Migranti: il mare restituisce corpi tra Calabria e Sicilia, tragedia ignorata

Negli ultimi giorni, lungo le coste di Calabria e Sicilia, il mare ha restituito decine di corpi umani — vittime di traversate migratorie e naufragi mai registrati ufficialmente — in seguito alle mareggiate causate dal ciclone Harry.
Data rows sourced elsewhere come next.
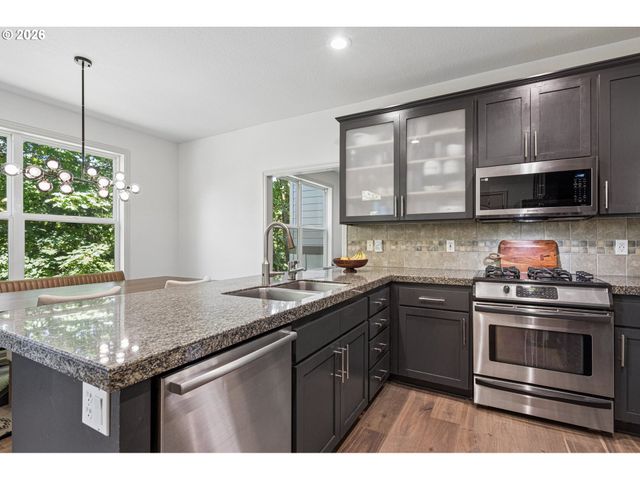 2371 Nw BURKHART Dr, Portland, OR 97229
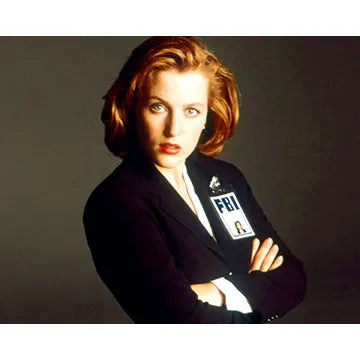 GILLIAN-ANDERSON-AUTOGRAPH-PHOTO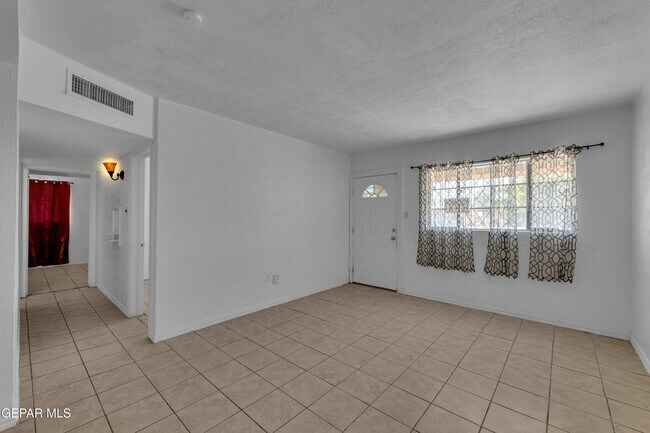 Building Photo - 4945 Sierra Madre Dr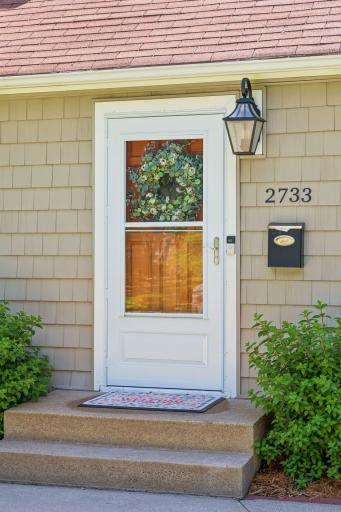 2733 Georgia Avenue South - Spacecrafting - 0003.jpg
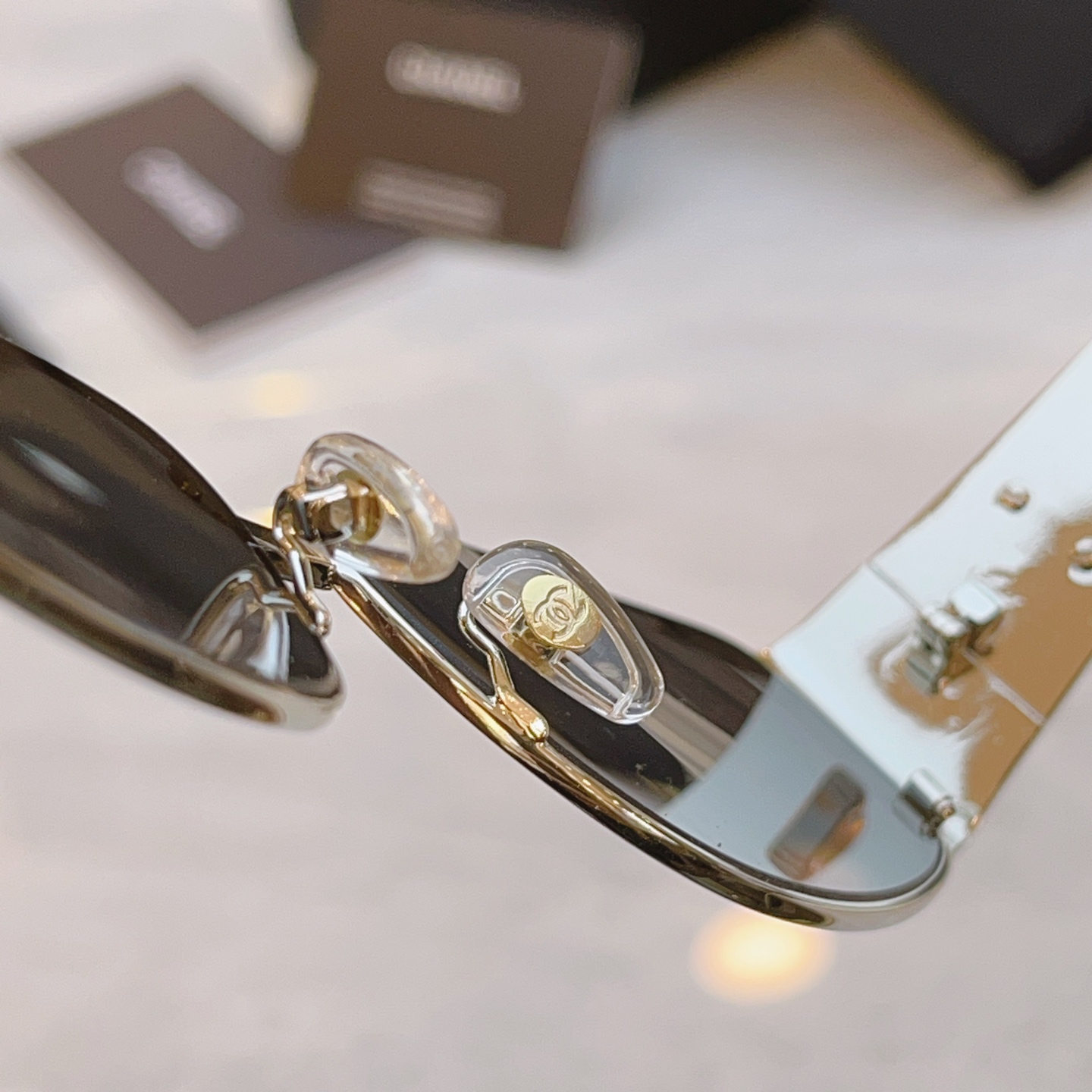 ，【CHANE*】香奈儿新款太阳镜，MODEL：08846，SIZE：54口18-145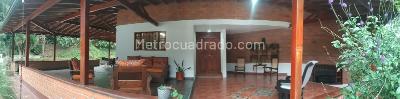 Casa de 5 alcobas en arriendo en Los Colegios, Rionegro, 1000 m² · foto 16 de 20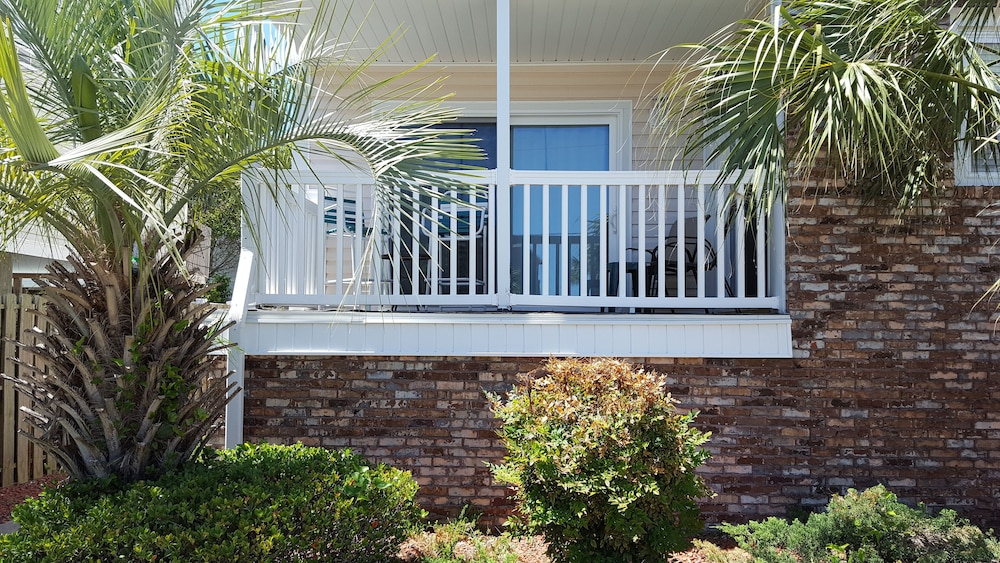 Ocean View,  1st  Floor-Easy Access to Beach & Pool-Great Rates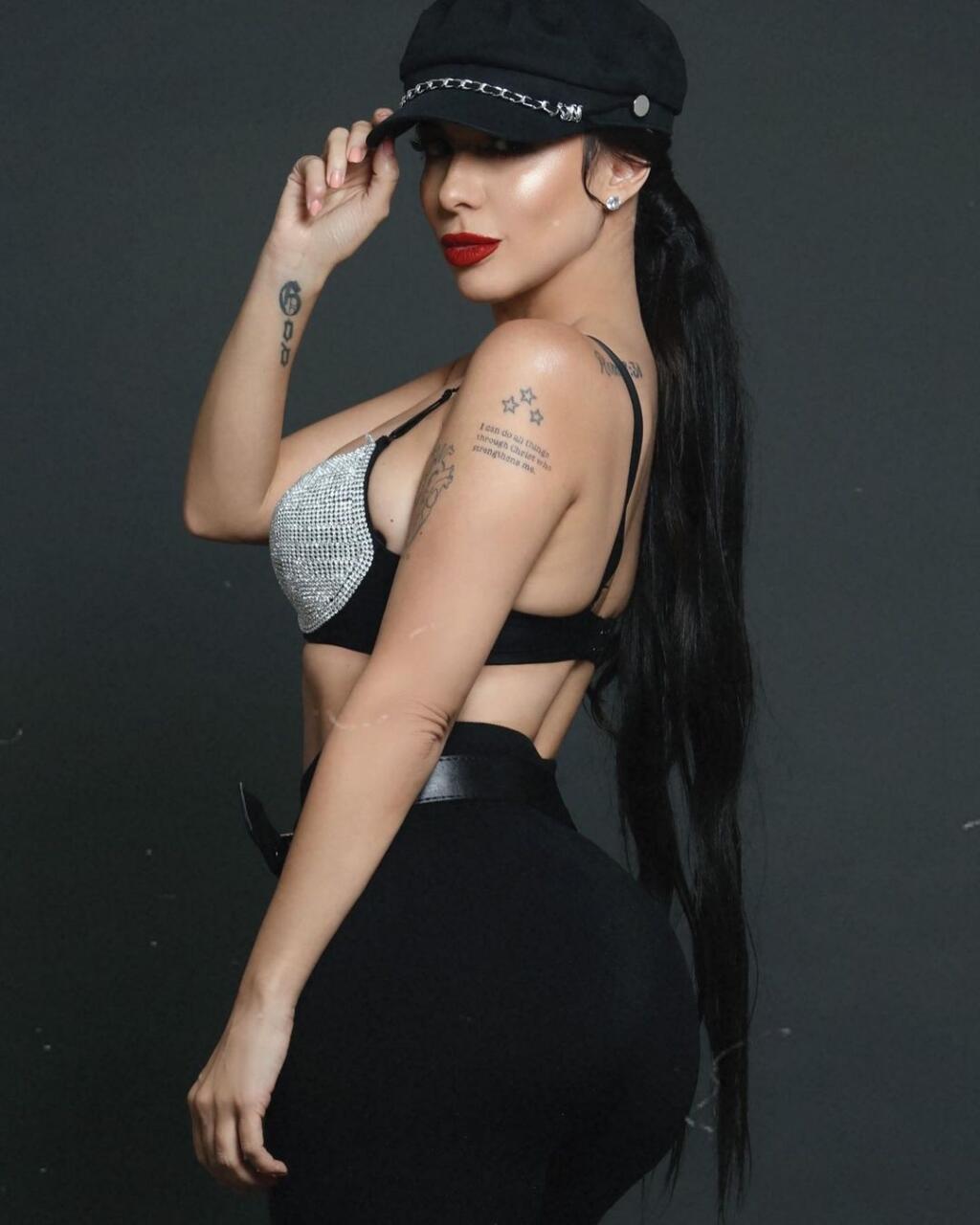 Jimena Sanchezová stíha aj fotiť provokatívne zábery pre svojich fanúšikov.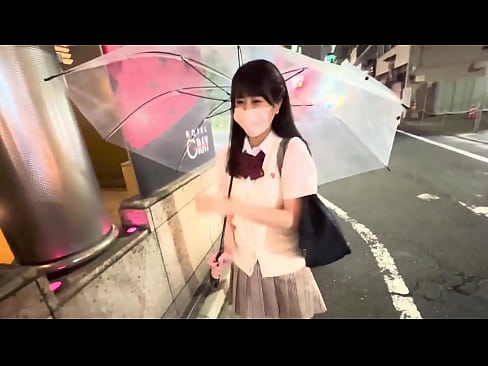 いつも一緒に下校している友達にバイトがあると嘘ついてやって来てくれました!あいりちゃんはマスクを取ってもちゃんと可愛かった…!それだけで高得点です。おまけに163cmの高身長で、おっぱいいっぱいFカップ。文句なしです。 https://x.gd/JIgKG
I cadaveri rinvenuti tra Pantelleria, Trapani, Marsala, Tropea e Paola sembrano testimoniare l’ennesimo episodio di una tragedia endemica: il Mediterraneo centrale è tra le rotte più pericolose al mondo, dove barche sovraccariche e condizioni meteorologiche estreme trasformano la ricerca di una vita migliore in una condanna a morte.
L’Organizzazione Internazionale per le Migrazioni segnala numeri impressionanti di morti in mare nei primi mesi del 2026, mentre ONG e associazioni denunciano che la maggior parte dei naufragi sfugge anche alle statistiche ufficiali.

La mancata creazione di vie di accesso sicure e l’assenza di una politica europea coerente di soccorso umanitario rendono questa crisi prima di tutto una questione di responsabilità politica. Il Mediterraneo non può continuare ad essere un “cimitero liquido” senza che l’Europa si interroghi sulla propria credibilità e sui suoi tanto decantati valori.